Exercise goal = With pictures left out, set down exactly the lines from the line containing "Submarinos fondeados en" through the last line of the data.

Provided material =
►

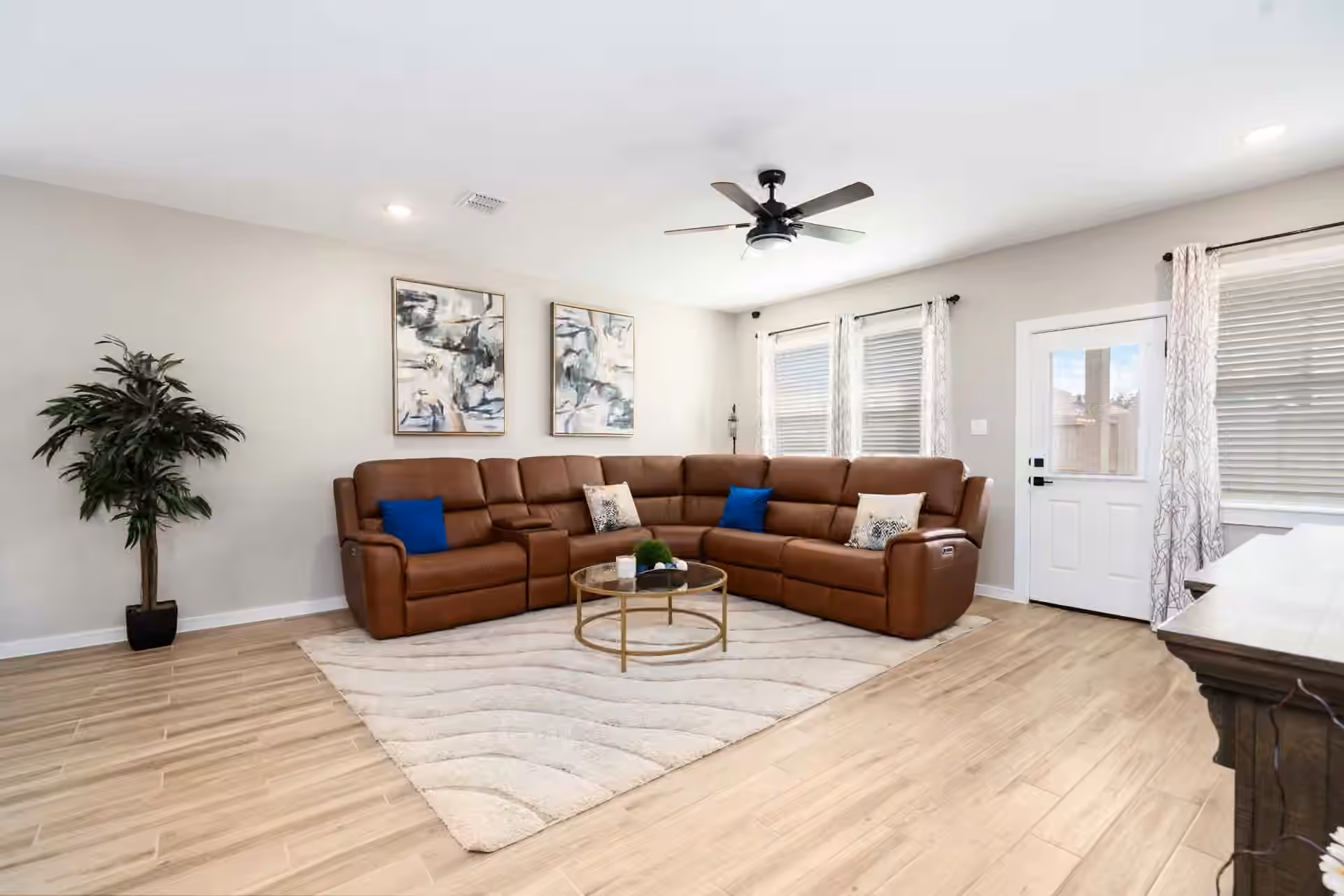 Photo 5 of 8414 Bay Ridge Circle, Baytown, TX
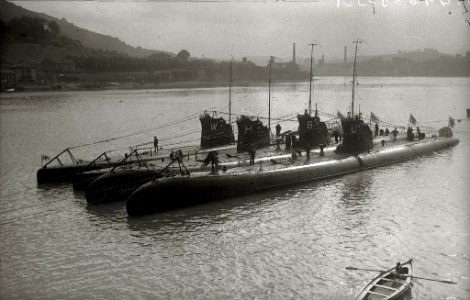 Submarinos fondeados en la bahía de Pasaia (4 de 4) - Fondo Car-Kutxa Fototeka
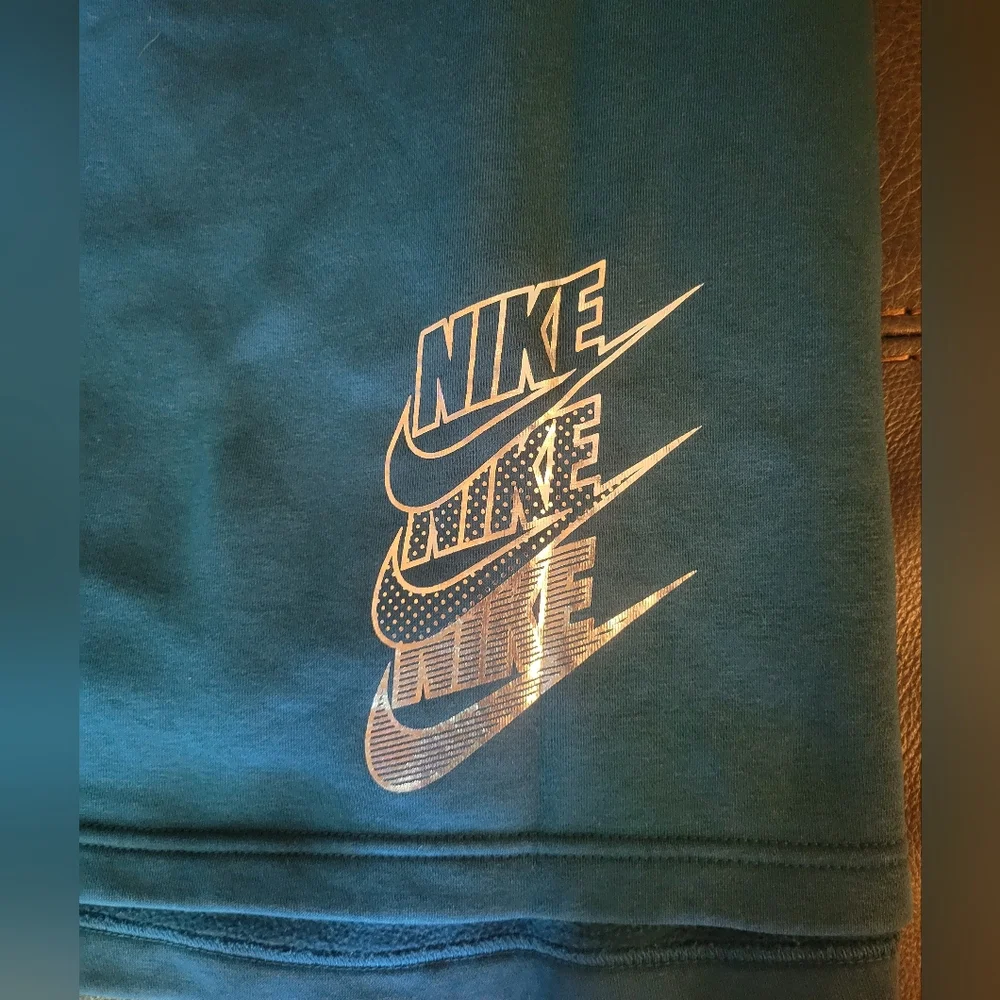 NWOT Nike Half Zip 'Just Do It' Pullover - Picture 5 of 11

◄

Worked solution =
 Submarinos fondeados en la bahía de Pasaia (4 de 4) - Fondo Car-Kutxa Fototeka
 NWOT Nike Half Zip 'Just Do It' Pullover - Picture 5 of 11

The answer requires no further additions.